Computer technology also helps to make the system highly interactive. Animation helps beginners to understand note duration and build coordination intuitively with no audio or written explanation that usually overcharge their minds at the beginning of their learning.
The ability to hear a music piece, learn it with separate hands by hearing the other part, memorize it with the gentle guidance of the computer, see the results with exact numbers - these and many other features of the 'Soft Mozart' computerized system serve as the foundation for establishing strong skills in piano playing for every student.
Computer graphics also provide a focus for the students' eyes, with support to deal with multiple lines of the Grand Staff, and gradually developing the students' ability to shift down the lines ahead.
Learning music in the 'Soft Mozart' system is considered a complex skill that is closer to navigating than to reading books, because it involves the development of reading and coordination. In order to develop this important integrated skill, all the components - vision, hearing, coordination and voice - are teamed up from the start. The computer, in particular, allows the engagement of all the components of this complex skill as a training device.
One key foundation of the 'Soft Mozart' program is the determination of the piano as the starting point of music education, because the voice and the music ear of beginners require a 'point of support' for their further development.
Piano is the only widely available instrument that can develop the music ear melodically and harmonically, to train rhythm and to read the Grand Staff. The principal novelty of the digital piano lies in its ability to connect it with a computer for interactive learning. Interactivity is essential in studying any language, especially including the language of music.

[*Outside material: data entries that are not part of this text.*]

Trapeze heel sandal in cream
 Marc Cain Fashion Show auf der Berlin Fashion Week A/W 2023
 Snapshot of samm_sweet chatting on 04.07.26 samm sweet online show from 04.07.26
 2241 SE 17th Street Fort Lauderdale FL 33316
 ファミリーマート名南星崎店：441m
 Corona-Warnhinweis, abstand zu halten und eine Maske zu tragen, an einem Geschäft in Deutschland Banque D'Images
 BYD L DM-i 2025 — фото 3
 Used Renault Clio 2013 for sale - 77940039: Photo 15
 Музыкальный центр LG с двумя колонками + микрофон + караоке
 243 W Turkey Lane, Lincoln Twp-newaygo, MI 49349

The creation of 'Soft Mozart' is a genuine breakthrough in music education. With the help of this computerized system, beginners of any age learn music literacy without a struggle. Music books with 'Elementary Presentation' of notation as well as stickers for piano keys have to be introduced to every child in homes, schools and day care centers. The 'Elementary Grand Staff' must become part of any music curriculum in public schools worldwide. There is no other way to spread music literacy and to ensure the future of music education.
It is necessary for every music educator to be introduced to the 'Soft Way to Mozart' system, because it is not just another method that can be dismissed by personal preference.
Likewise, every music publisher must be aware that any method that tries to teach music notation in the 'blind mode' ought to be reconsidered.
Every ministry of education of any country must also know that it is wasted money and energy when spent on approaches that have failed to develop the ability of children to read music notes by developing their eyesight to read music. Such approaches teach only people with inborn music talent to see a music score within, and exclude the rest.
And every commercial institution that promotes an approach to music education that does not seek to develop skills to see music notation, simply misleads its students into a blind alley.
The 'Soft Way to Mozart' is a scientifically researched alternative, a discovery of universal importance, and a completely new platform for teaching music literacy that promises an end to the Dark Ages in music education.